— Activity —
Find the line that holds "Mapa topográfico Porto" in the material below. Output that line and each one after it exactly, but not the pictures.

— Information provided —
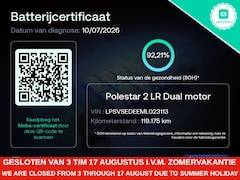 Polestar 2 - 2 Long Range Dual Motor 408PK 78kWh 92.2% SoH [ PILOT PLUS+19 INCH+CARPLAY+CAMERA+STOELVER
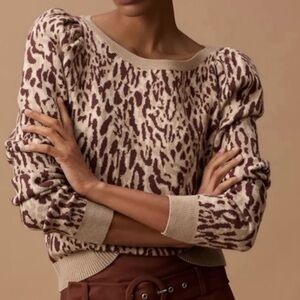 Womens Size M Maeve Animal Print Sweater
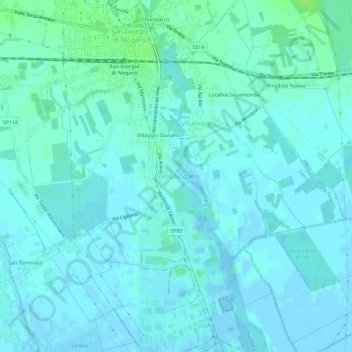 Mapa topográfico Porto Nogaro, altitude, relevo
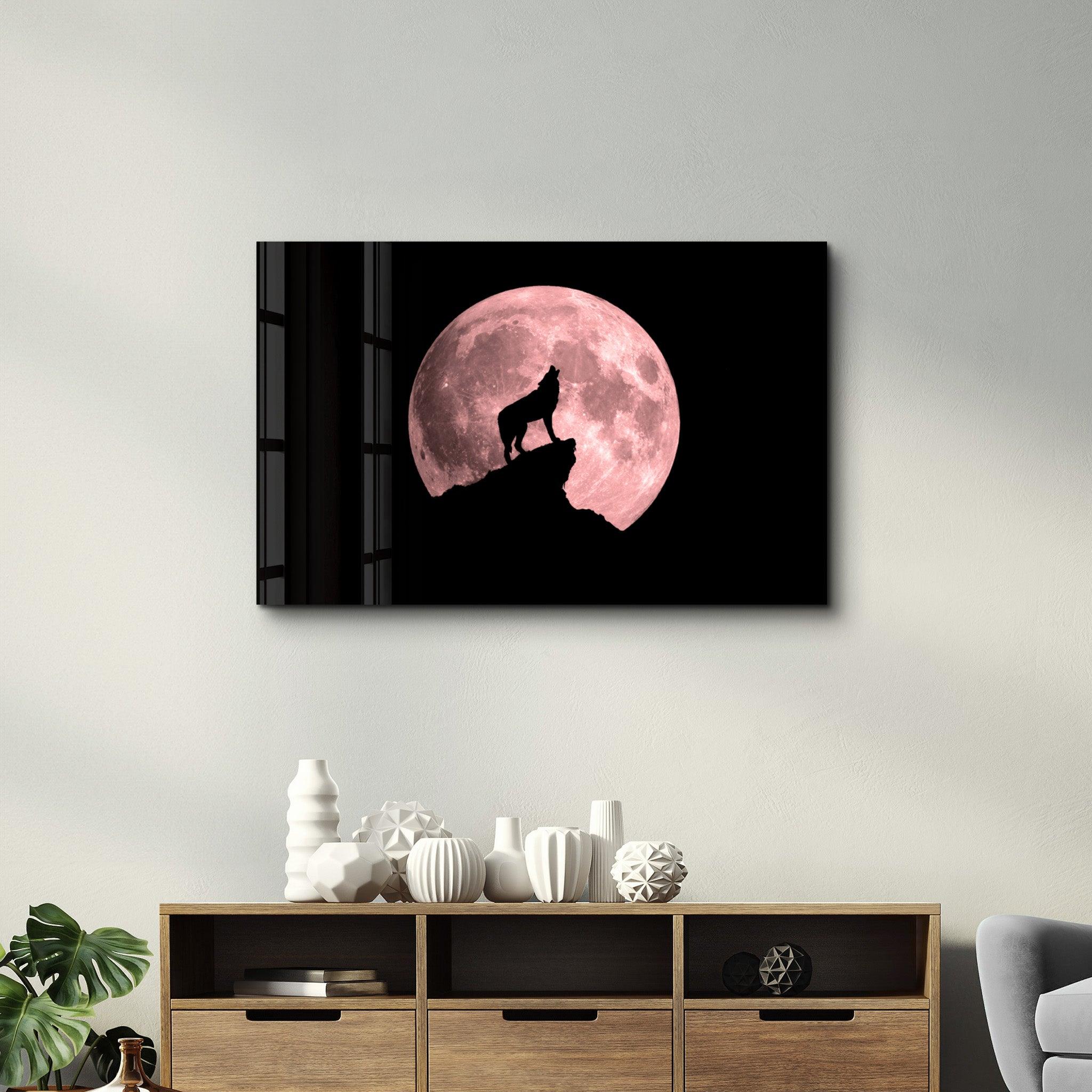 Wolf and Moon | Glass Wall Art - Artdesigna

— Output for this exercise —
 Mapa topográfico Porto Nogaro, altitude, relevo
 Wolf and Moon | Glass Wall Art - Artdesigna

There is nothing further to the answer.